*What is being asked*
Starting at the line with "This emulator slash" and ending at the line with "Hello guys! This", print exactly the lines of the entries below. Pictures do not belong in the copy.

*Provided data*
+ + + + +

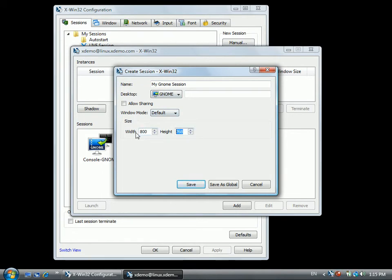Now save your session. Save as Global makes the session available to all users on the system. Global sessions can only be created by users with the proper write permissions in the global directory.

+ + + + +

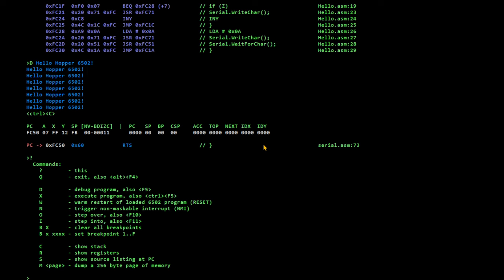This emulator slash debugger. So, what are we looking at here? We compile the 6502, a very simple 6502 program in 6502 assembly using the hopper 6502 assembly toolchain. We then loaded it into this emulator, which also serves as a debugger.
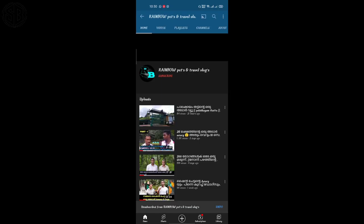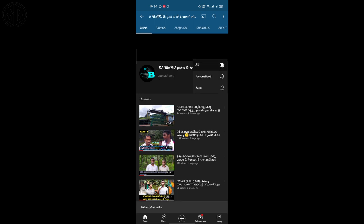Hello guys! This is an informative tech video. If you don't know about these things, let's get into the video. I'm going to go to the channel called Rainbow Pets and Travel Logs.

+ + + + +

*Task output*
This emulator slash debugger. So, what are we looking at here? We compile the 6502, a very simple 6502 program in 6502 assembly using the hopper 6502 assembly toolchain. We then loaded it into this emulator, which also serves as a debugger.
Hello guys! This is an informative tech video. If you don't know about these things, let's get into the video. I'm going to go to the channel called Rainbow Pets and Travel Logs.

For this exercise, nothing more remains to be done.